President George W. Bush and his wife Laura visited Martin Luther King Jr. Charter School for Science and Technology on August 29th, the second anniversary of the day Hurricane Katrina made landfall along the Gulf Coast causing massive failure of the levees and flood walls, killing more than 1,500 people. "New Orleans is better off today than it was yesterday," Bush said. "And it will be better off tomorrow than it is today." Now that's eloquent.
KATRINA UPDATE JUNE 1, 2007:
Here we go again.
Today marks the first day of the Atlantic hurricane season. It runs through November 30. As if we've had enough to deal with in the last 21 months, we have to endure this cycle every year. We lucked out last season. Although forecasters had predicted an active season, we had an "El Niņo" cycle in which the warmer waters of the Pacific Ocean actually contribute to a milder hurricane season in the Atlantic. I don't quite understand it, but we'll take it. However, such is not the case year, and forecasters are predicting 17 named storms, nine hurricanes, and 5 major (category three or higher) hurricanes.

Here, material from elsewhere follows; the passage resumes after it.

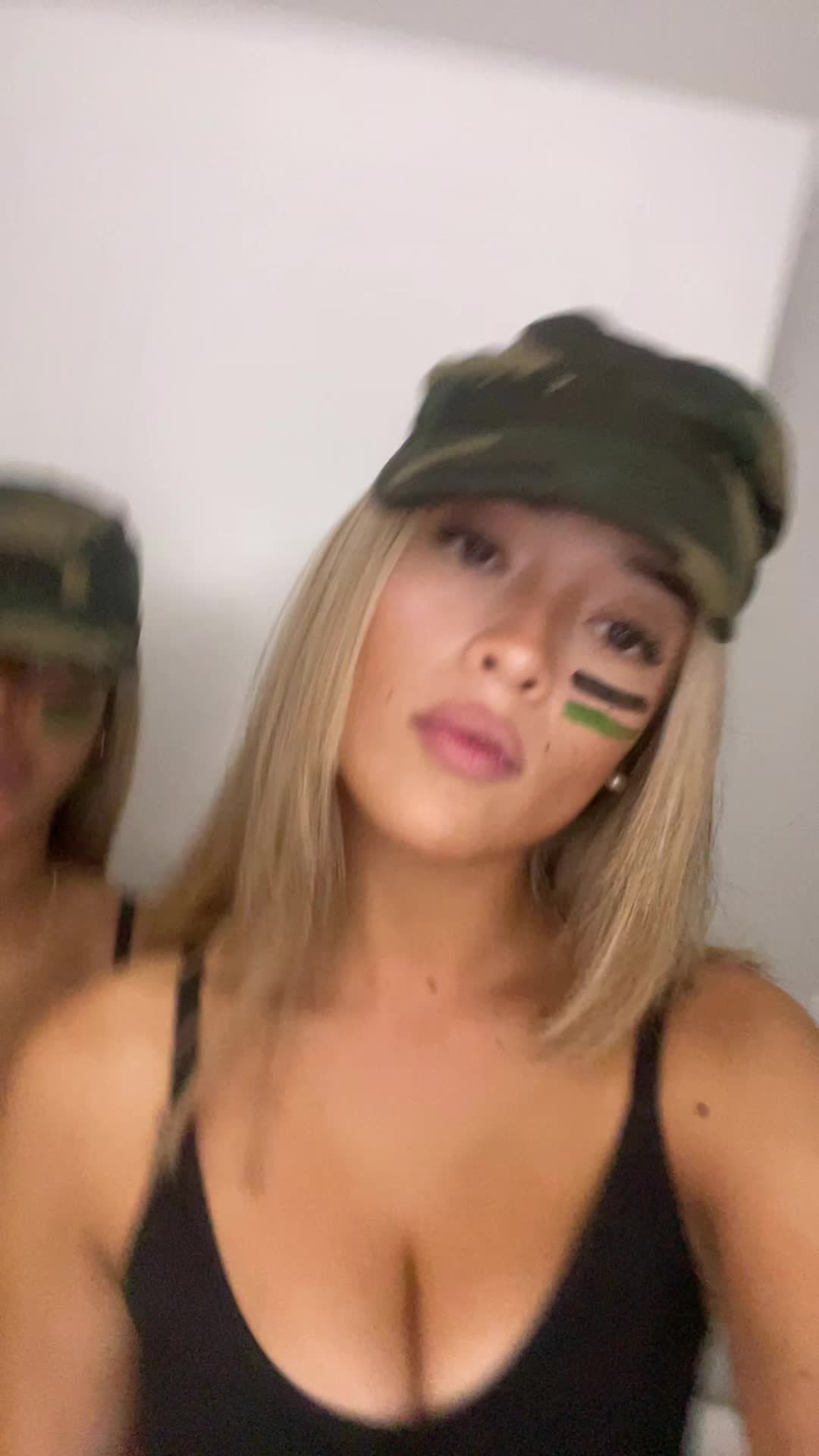 @mia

They say the population of the city is up to 250,000 now, but I'm not sure anyone believes it. There is still debris everywhere, and there are neighborhoods that have not come back. We still live it everyday. Every move we make, every thought, every action is still related, in one way or another, to Hurricane Katrina. While a few more non-Katrina assignments are finding their way into my daily routine, my work is still is still largely about the storm. I recently returned from a week-long lecture tour in California. I did three presentations, three private presentations for friends, as well as a couple of dress rehearsals. By the time I gave my last talk at UC Santa Barbara, I was almost catatonic. I could barely move. I went to the beach and watched the surf for an hour or so. It helped a little, but the need to get away, to remove oneself from the day-to-day realities of living in New Orleans are inescapable.
Like most of us, I long for the day when I can pick up the paper, or turn on the television, and Katrina isn't mentioned. When we don't talk about it any more at parties or over lunch or dinner; when it doesn't effect our daily lives anymore. But that is still many years away. And keep in mind that I didn't lose my house; I didn't have to deal with insurance companies that didn't want to pay, or dishonest contractors, or the Road Home Program that ultimately has not lead anyone home. My life has been relatively "normal."

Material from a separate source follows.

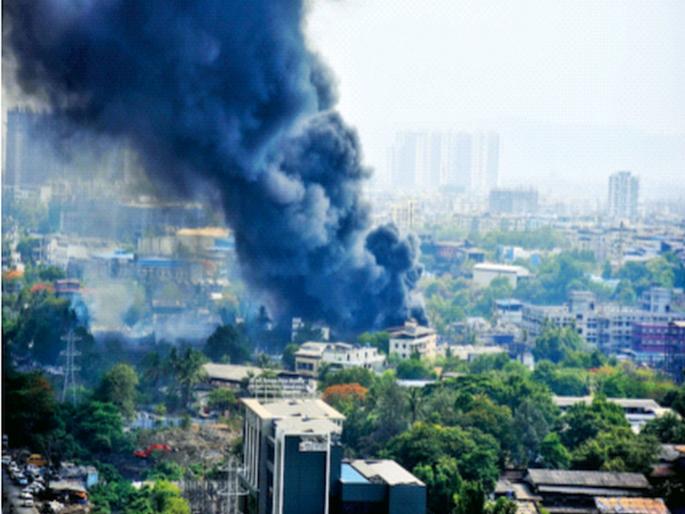 Dombivli trembled; A reactor explosion at a chemical factory in MIDC; Remember the year 2016 | डोंबिवली हादरली; एमआयडीसीतील रासायनिक कारखान्यातील रिॲक्टरचा स्फोट; २०१६ च्या आठवणी जाग्या Dombivli trembled; A reactor explosion at a chemical factory in MIDC; Remember the year 2016 | डोंबिवली हादरली; एमआयडीसीतील रासायनिक कारखान्यातील रिॲक्टरचा स्फोट; २०१६ च्या आठवणी जाग्या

A lot has to happen before the city returns to anything resembling normal. Having levees that will within stand a category three storm would be a start. No one, and I mean one here, has any confidence in the job the U.S. Army Corps of Engineers has done re-building the levees: the same levees that they didn't built right the first time. The Corps has already admitted that flaws in the design and construction led to the catastrophic failures in the levee system that all but destroyed our city.
But, as I have said before, the levees are moot unless a commitment is made to restore and protect the wetlands. The wetlands have served as a buffer for storms for centuries. Without them we are sitting ducks. But decades of oil and gas exploration, and the construction of the Mississippi River Gulf Outlet (Mr. GO. A 79 mile ship channel that provides a short cut from the Gulf of Mexico to the Port of New Orleans) has allowed salt water intrusion to erode the wetlands. They say we lose six football fields worth of wetlands a day. Does anyone care? Is anyone doing anything about it? Is it too late? We'll see what this hurricane season brings. If we are spared, come November, we'll breath a huge sign of relief, and then wait for the next season and do it all over again. In the meantime, it's like walking through a emotional minefield. Is this any way to live?
I have finally mounted a new Katrina gallery entitled "Mr. G and the Rev." It's my first since the anniversary gallery I put up last September. It has been very hard for me to continue to work on this story. I'm trying to be more hopefully and more upbeat, but it is hard knowing what I have seen. I try to keep the story alive by following Mr. Herbert Gettridge. Gettridge, 83, built his house in the Lower Ninth Ward with his own hands. He returned fairly quickly and began the overwhelming task of rebuiliding. He is a man of great determination. He gives me some hope.
And I find hope in photographing Pastor Raymond Hunter and his congregation at Eagle's Wings Ministries Church of God in Christ. Pastor Hunter is very resilient. Every set back, every hurtle is a challenge to be overcome. He re-built his church and has continue to minister to his congregation. Pastor Hunter also gives me some hope for the future. These are just two stories in a vast sea of untold emotional tales. They can flood our neighborhoods, but they can't wash away our human spirit.